Judge upholds charges against DiMasi
Defense cited Enron case in bid for dismissal
For months, former House speaker Salvatore F. DiMasi and three associates have been pinning their hopes on a Supreme Court decision in June that limited the scope of the law being used to prosecute them.
Yesterday, in a series of rulings, the judge in the federal corruption case quickly dashed their hopes.
US District Court Chief Judge Mark Wolf refused to throw out any part of the case against the four men, rejecting more than a dozen defense motions to dismiss or limit the charges.
As a result, DiMasi and his codefendants will stand trial in late April on a slew of charges, including wire and mail fraud, extortion, and conspiracy. They are accused of colluding to steer two multimillion-dollar software contracts to
Defense lawyers said they were disappointed but predicted they will prevail when the case goes before a jury.
“The judge has ruled,’’ said DiMasi’s lawyer, Thomas R. Kiley. “I disagree with the judge, but that’s for later.’’
He added, “I’m planning to win at trial.’’
If convicted, DiMasi faces up to 20 years in prison for eight of the nine charges against him. The ninth charge, conspiracy, carries a maximum penalty of five years.
Wolf rejected the argument defense lawyers had been hoping would drastically weaken the government’s case against DiMasi and the others — Richard D. Vitale, DiMasi’s former accountant; Richard W. McDonough, DiMasi’s friend and Cognos’s former lobbyist; and Joseph P. Lally Jr., an independent sales agent who sold the state the two software contracts.

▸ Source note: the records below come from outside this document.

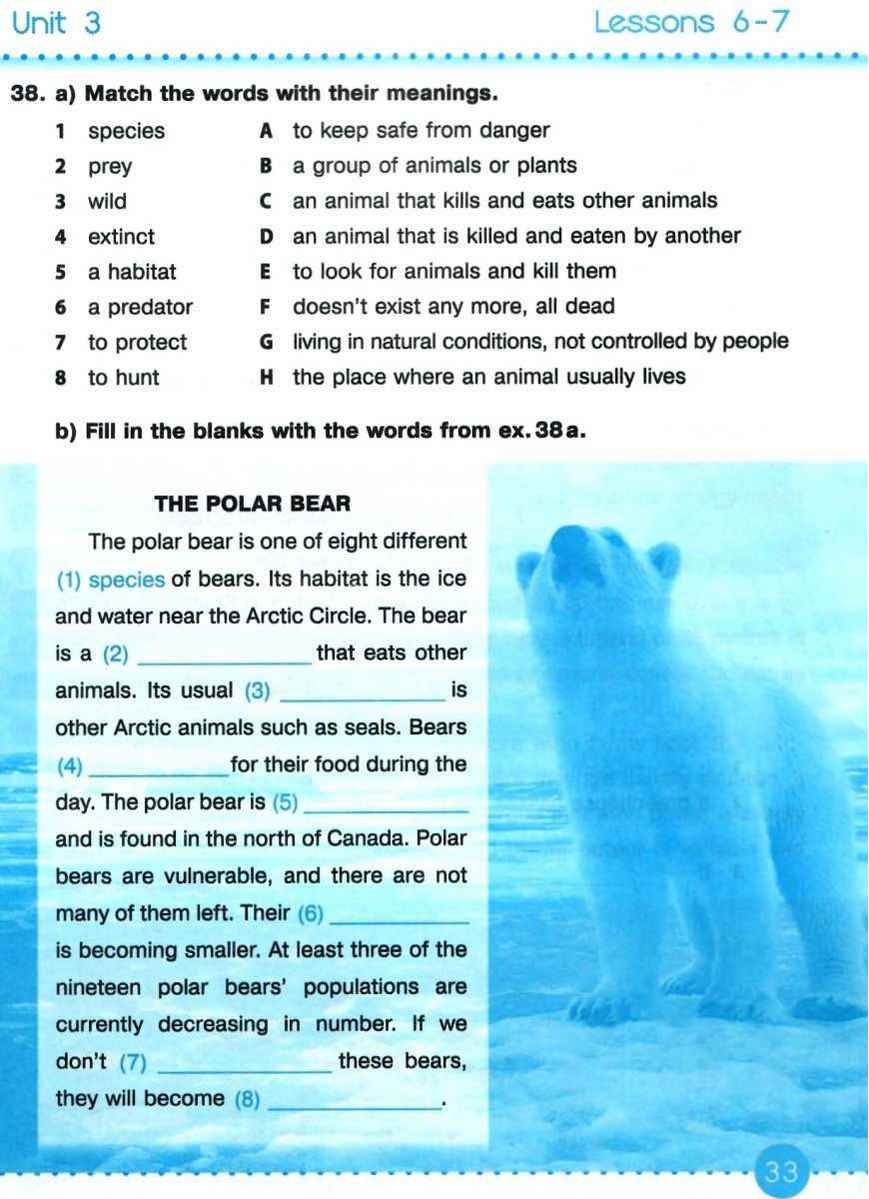 Англійська мова 9 клас 9 рік навчання Робочий зошит до підручника Несвіт А. Косован О. Підручники і посібники - фото 3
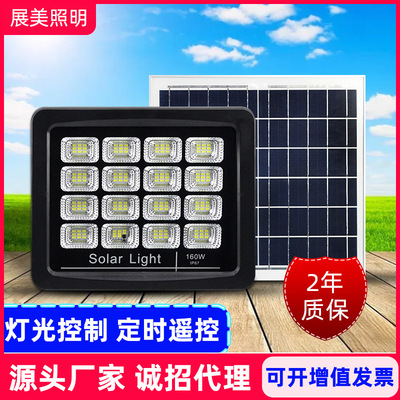 Solar Lights outdoors Courtyard Countryside household indoor lighting Timing remote control Induction Cast light outdoor street lamp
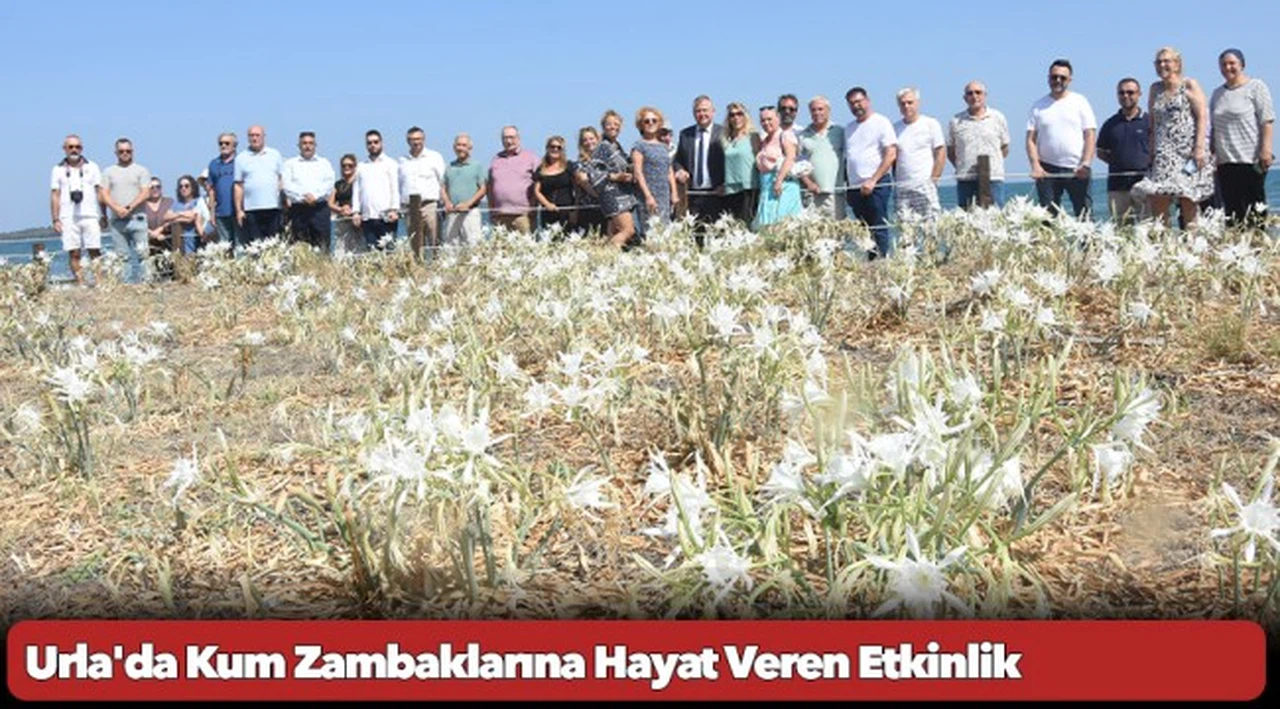 Urla'da Kum Zambaklarına Hayat Veren Etkinlik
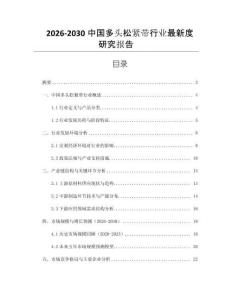 2026-2030中國多頭松緊帶行業(yè)最新度研究報告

Their lawyers had argued that the indictments against them did not meet the standard set forth by the Supreme Court in a landmark ruling in June. In that case, involving former chief Enron chief executive Jeffrey Skilling, the court found that the law used to prosecute him — the same law being used to charge DiMasi and the others — was too vague. The court ruled that the so-called honest services fraud law should be used only in cases involving bribery or kickbacks.
DiMasi’s lawyers said the indictment in their case did not allege that DiMasi received bribes in exchange for an official action, and should therefore be thrown out.
But Wolf found that the indictment can stand despite the Supreme Court decision. He found that prosecutors are charging that Cognos paid DiMasi and the others substantial sums of money in exchange for his help securing state contracts for the company, which he said constituted bribery.
Thomas Drechsler, McDonough’s attorney, said arguing the motions before the judge was a useful exercise, even if it didn’t result in a dismissal of charges.
“I’m disappointed,’’ he said. “I think this was a valuable process. We’ve received good guidance from the court’’
Wolf also dismissed a defense motion yesterday to find out what legal instructions were provided to the grand jury before it issued its indictments in 2009. Attorney Robert M. Goldstein, who represents Lally, argued that the indictments should be thrown out because the grand jury acted before the Supreme Court ruled in the Skilling case and may have applied an incorrect interpretation of the law.
On Wednesday, Wolf refused to throw another charge in the case, extortion. And he rejected requests by the defense to eliminate from the indictment mention of a $250,000 line of credit prosecutors say Vitale gave DiMasi in the spring of 2006, a month after Vitale formed a consulting company that would later receive $600,000 from Lally after Cognos won state work.